[PROVIDED RECORDS]
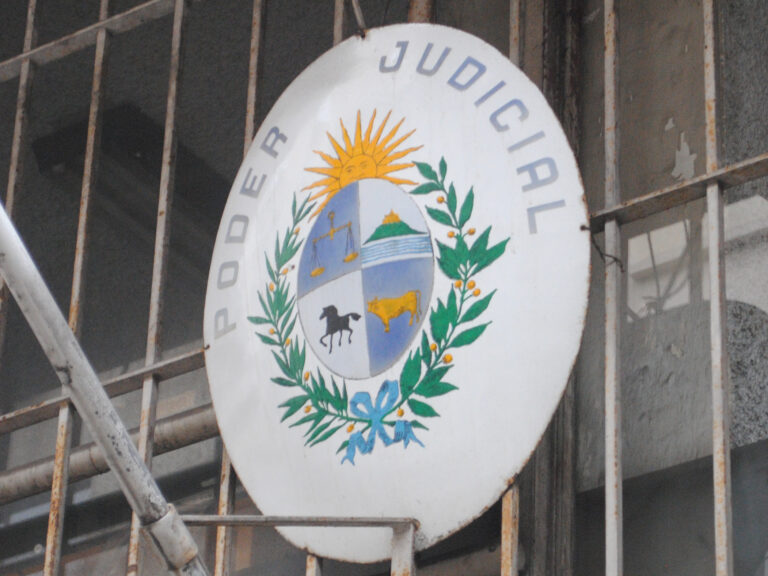 Asociación de Funcionarios Judiciales del Uruguay evidenció la politización del poder judicial en medio de la crisis de corrupción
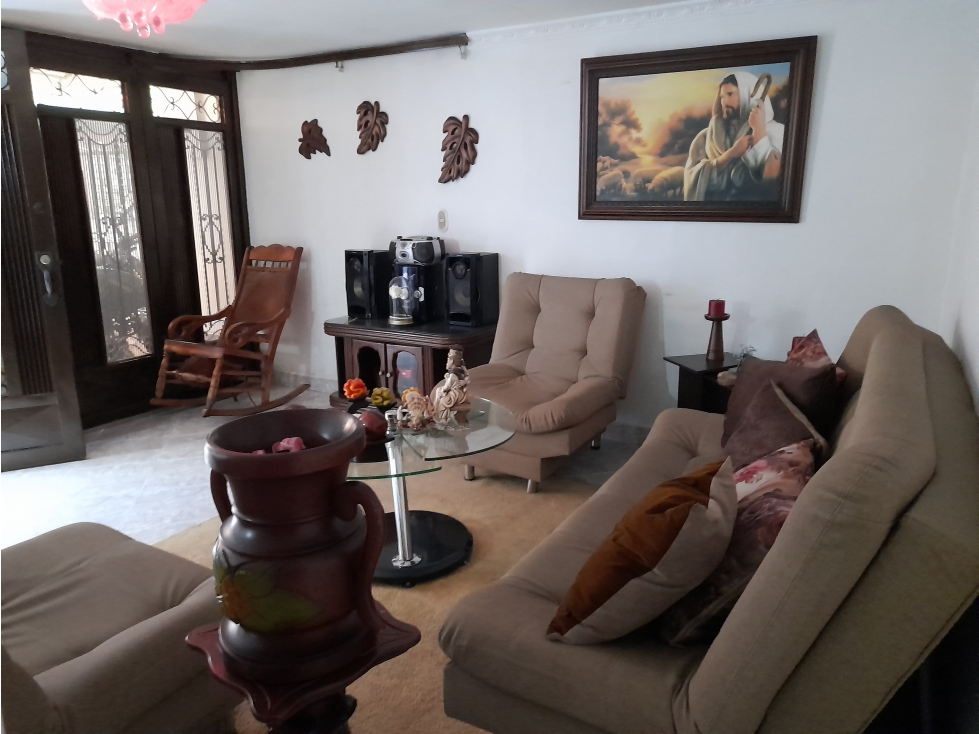 Venta de casa unifamiliar en Guayabal — foto 2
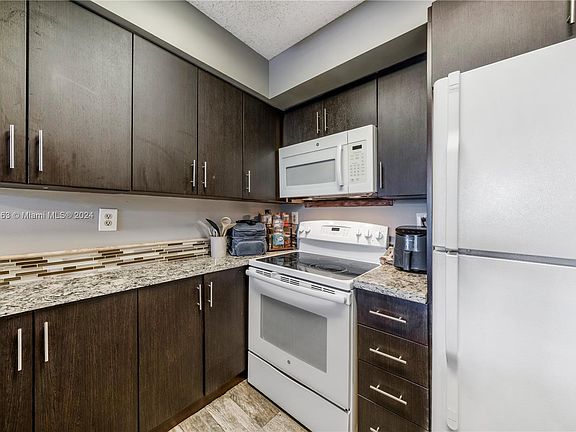 4th image of 1280 S Alhambra Cir APT 1217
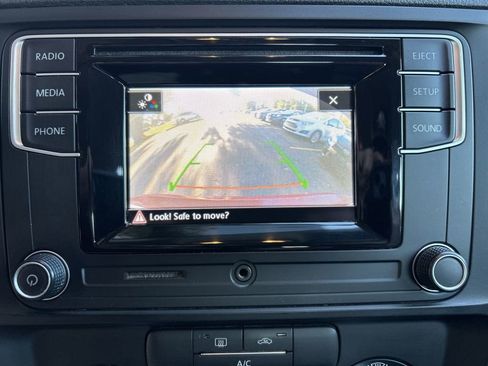 Used 2017 Volkswagen Jetta S image 18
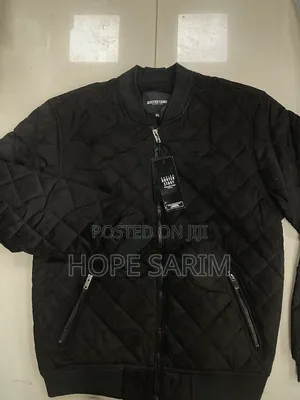 Hunter Story Men's Quilted Bomber Jacket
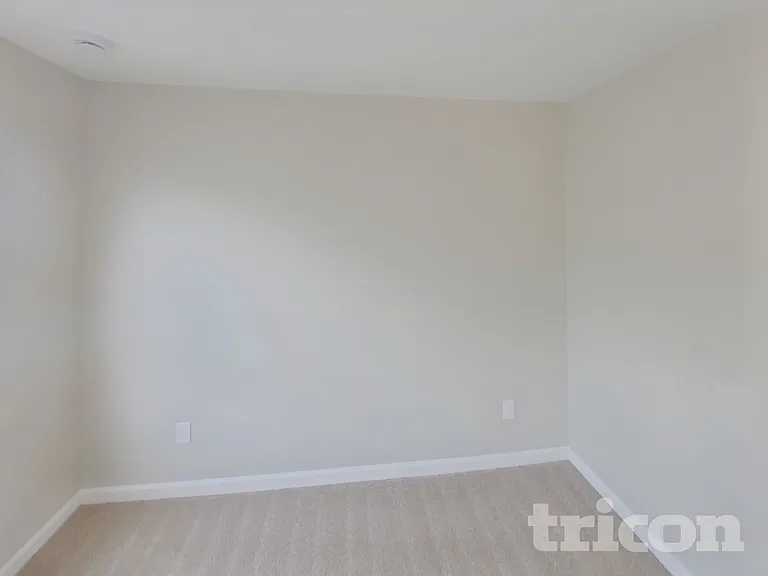 3706 Burdette Way — Photo 11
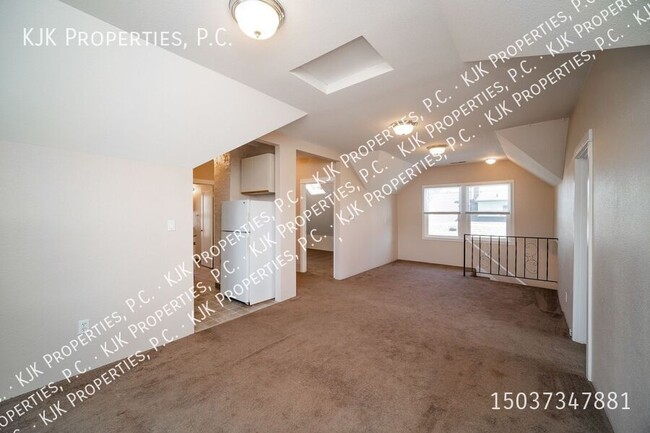 Building Photo - Stacked Duplex-Upstairs Woodstock Airy Apa...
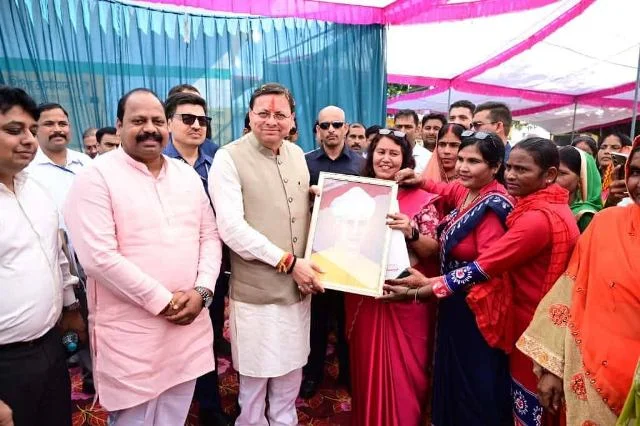 राज्य मार्ग संख्या 107 के पुनर्निर्माण कार्यों का CM धामी ने किया शिलान्यास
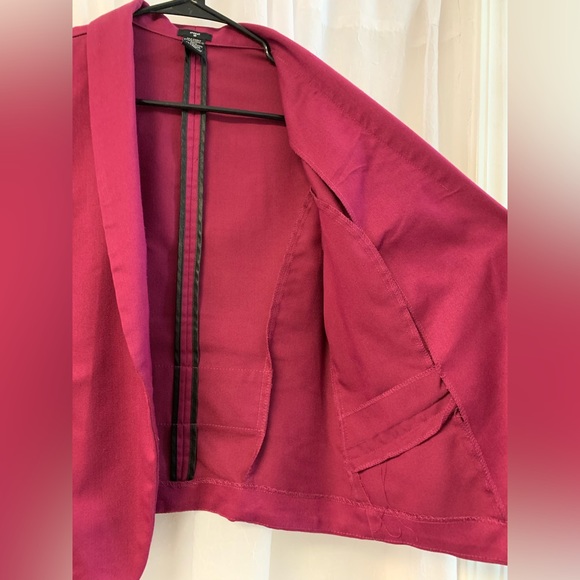 Magenta Blazer - Picture 7 of 8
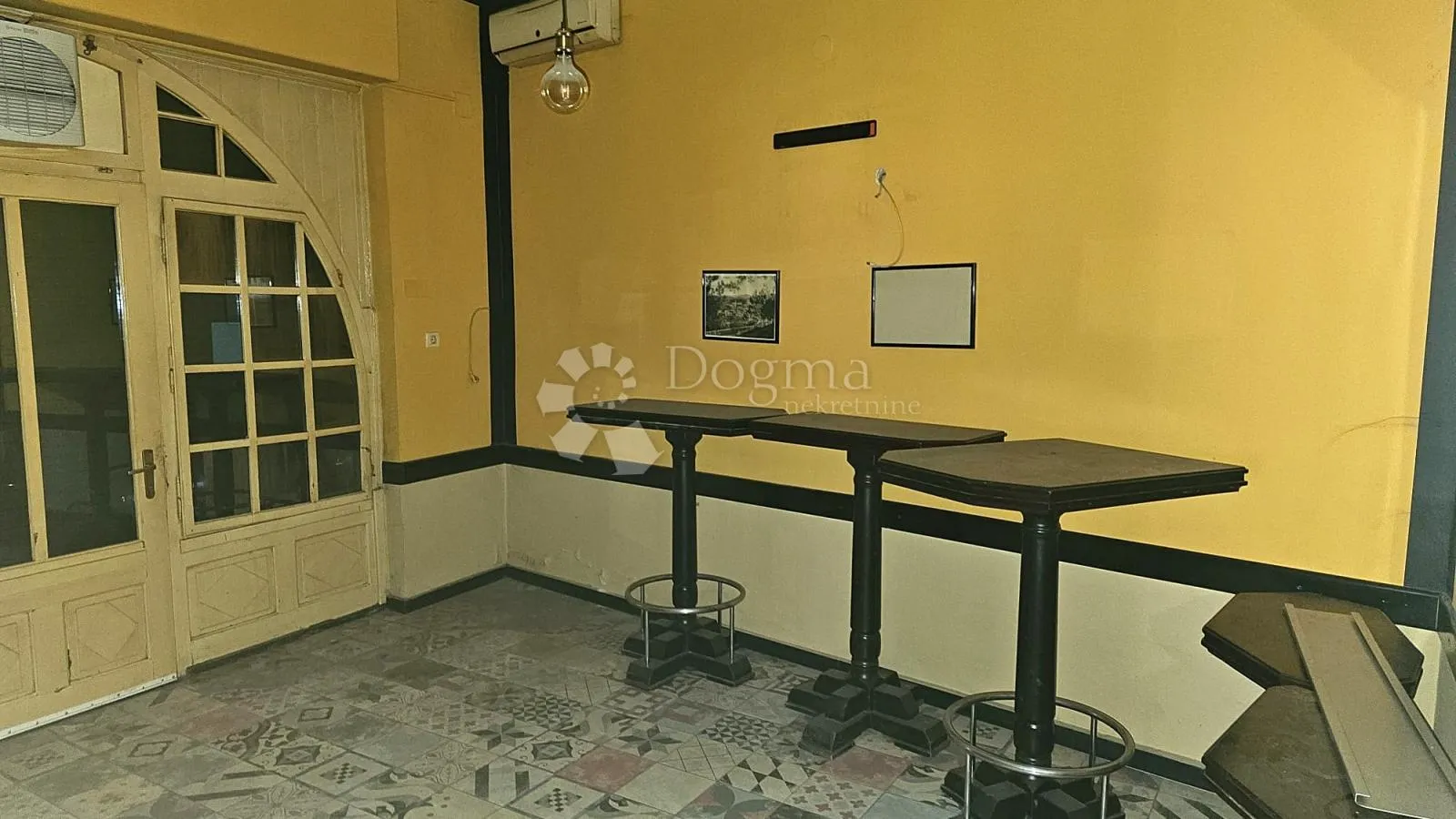 kuća sa poslovnim prostorom u centru pazina - slika 5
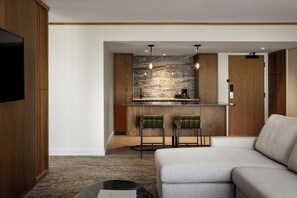 Zimmer | Hochwertige Bettwaren, Pillowtop-Betten, Zimmersafe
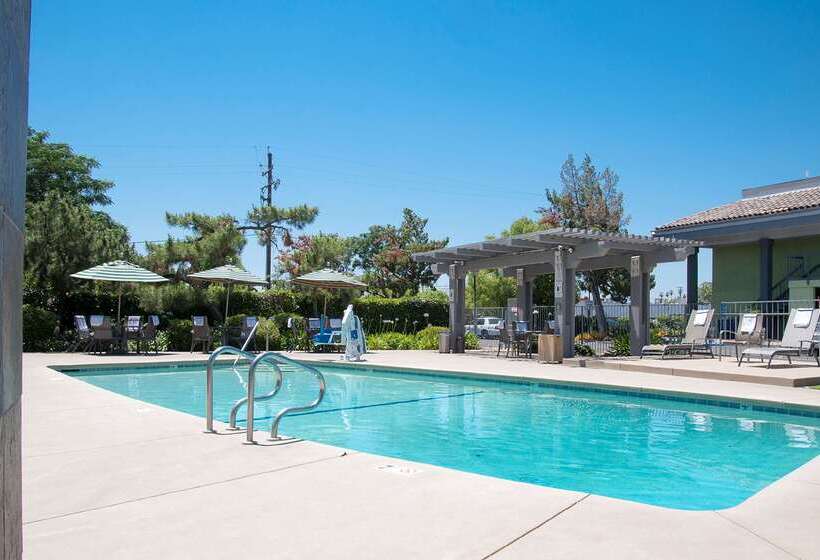 هتل Best Western Village Inn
[/PROVIDED RECORDS]
**DESCRIPTION OF THE TASK**
A faithful copy of the records above, without images, is what to give back.

**RESULT OF THIS TASK**
 Asociación de Funcionarios Judiciales del Uruguay evidenció la politización del poder judicial en medio de la crisis de corrupción
 Venta de casa unifamiliar en Guayabal — foto 2
 4th image of 1280 S Alhambra Cir APT 1217
 Used 2017 Volkswagen Jetta S image 18
 Hunter Story Men's Quilted Bomber Jacket
 3706 Burdette Way — Photo 11
 Building Photo - Stacked Duplex-Upstairs Woodstock Airy Apa...
 राज्य मार्ग संख्या 107 के पुनर्निर्माण कार्यों का CM धामी ने किया शिलान्यास
 Magenta Blazer - Picture 7 of 8
 kuća sa poslovnim prostorom u centru pazina - slika 5
 Zimmer | Hochwertige Bettwaren, Pillowtop-Betten, Zimmersafe
 هتل Best Western Village Inn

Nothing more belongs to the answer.